For developing countries (especially in Africa and Asia), central planning organizations have the perfect opportunity to develop long-range plans for key infrastructure expansion (notably in the energy sector) while simultaneously improving the quality of life for their citizens. Creating an effective long-term and fiscally responsible diversified energy plan using wind, solar, hydro, and nuclear power can help improve their social and education systems and support their development needs with the latest technology advances driving modern life in the 21st century.
Ultimately, a key question is how countries evaluate and decide their diversification strategy for power generation. There are numerous options available but ultimately, the electricity grid must be capable of handling and synthesizing widely varying and diverse technologies in a stable, neutral, and independent manner to ensure stability and reliability. For that reason, multicriteria decision making approaches (MCDA) have gained favour, with various amalgamations of tools and criteria specific to the circumstances.
In focusing on the creation of an appropriate electricity generation portfolio, a frequent grouping of primary criteria includes:
- Energy Security,
- Environmental, and
Due to the possible extensive domestic impacts of the energy sector, below each of these criteria will be a variety of country-specific sub-criteria with inputs from experts in the academic, industrial, political, commercial, environmental, and other sectors that provide inputs to national decision-making policies.

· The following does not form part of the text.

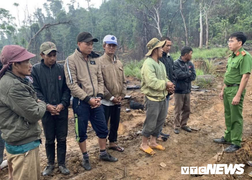Khởi tố 10 'lâm tặc' phá rừng khu giáp ranh Đắk Lắk - Khánh Hòa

With a finite amount of money to expand power generation, the synthesis of competing qualitative and quantitative data (a key benefit of MCDA) should help focus governments developing an appropriate generation expansion plan.
Potential countries that could use a mix of wind, solar, hydro, and nuclear will need to decide how to evaluate, prioritize, balance, and assess each of the above (sub) criteria. This will likely include developing and reviewing a process overseen by some “expert panel” to synthesize the wide variety of inputs and variables into a series of workable conclusions and actions.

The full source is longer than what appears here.